Financial advisers need to resist the urge to roll their eyes when the issue of impact investing comes up in conversation.

Financial advisers need to resist the urge to roll their eyes when the issue of impact investing comes up in conversation — because the topic is likely to arise more often and is becoming more important to more clients.
Historically, institutional investors — particularly European pension funds — have led the charge in aligning their investment dollars with their values. But over the last few years, individual investors have jumped on the bandwagon in a big way.
According to J.P. Morgan Securities and the Global Impact Investing Network, a group of 125 impact investors that the firms surveyed committed $10.6 billion in impact investing last year and plan to increase that by 19% this year, to $12.7 billion. That’s hardly pocket change.

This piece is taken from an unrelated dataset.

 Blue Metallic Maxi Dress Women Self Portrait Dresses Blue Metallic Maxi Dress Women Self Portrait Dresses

Within that group, retail investors, high-net-worth individuals and family offices made up 32% of impact investors. Pension funds and insurers made up 22%. The rest is derived from foundations, banks and other financial institutions.
Over the past few years, each of the four wirehouses has developed impact-investing platforms, while opportunities have risen notably through mutual funds that invest in companies focused on producing measurable social impact as well as financial returns.

‘GOING MAINSTREAM’

“When you have the wirehouses embracing this, that’s a sign it’s going mainstream,” Joe Keefe, president and chief executive of Pax World Management, told InvestmentNews reporter Liz Skinner.

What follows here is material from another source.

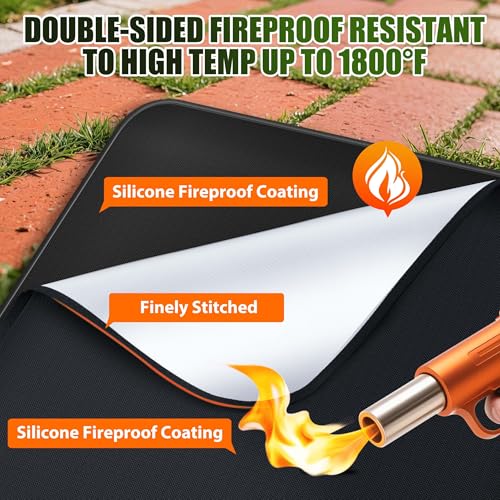 Feuerfeste Unterlage, Grillmatte Gasgrill - 160x90cm Faltbare Hitzeschutzmatte, Bodenschutz Grill Unterlag, Silikon-Glasfaser Wasserbeständige Grill Matte für BBQ Grills Boden Kamin Rasen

Need more evidence? Just last week, at the Investment Company Institute annual meeting, impact investing was a dominant theme, with some hard-charging competitors setting aside their rivalries to agree that impact investing is here to stay.
Andrew Sieg, managing director and the head of global wealth and retirement solutions at Bank of America Merrill Lynch, said interest in impact investments is particularly keen among baby boomers, with younger investors in that generation preferring strategies that account for values other than business metrics when selecting securities.

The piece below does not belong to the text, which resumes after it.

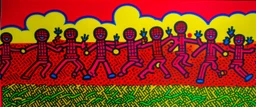 A magenta circus in the cloudy sky painted by Keith Haring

That’s going to increase the popularity of those strategies in coming years, said Mr. Sieg, who was joined on a panel at ICI by Bernard J. Clark, executive vice president of advisor services for Charles Schwab Corp., and Bob Vorlop, head of products and advice for Wells Fargo Advisors.
“I would look at the percentage of time you’re thinking about impact-oriented investments — environmental, social justice strategies — and I would double or triple it,” Mr. Sieg said.
Investors are pleased as far as performance goes.
The J.P. Morgan Securities/ Global Impact Investing Network poll found that 91% of investors surveyed said their investments were meeting or exceeding their financial expectations, with about 54% targeting competitive market return rates.
And as long as advisers make it clear to clients interested in impact investing that returns may vary widely and that some financial performance may be sacrificed for social performance, they should embrace this development.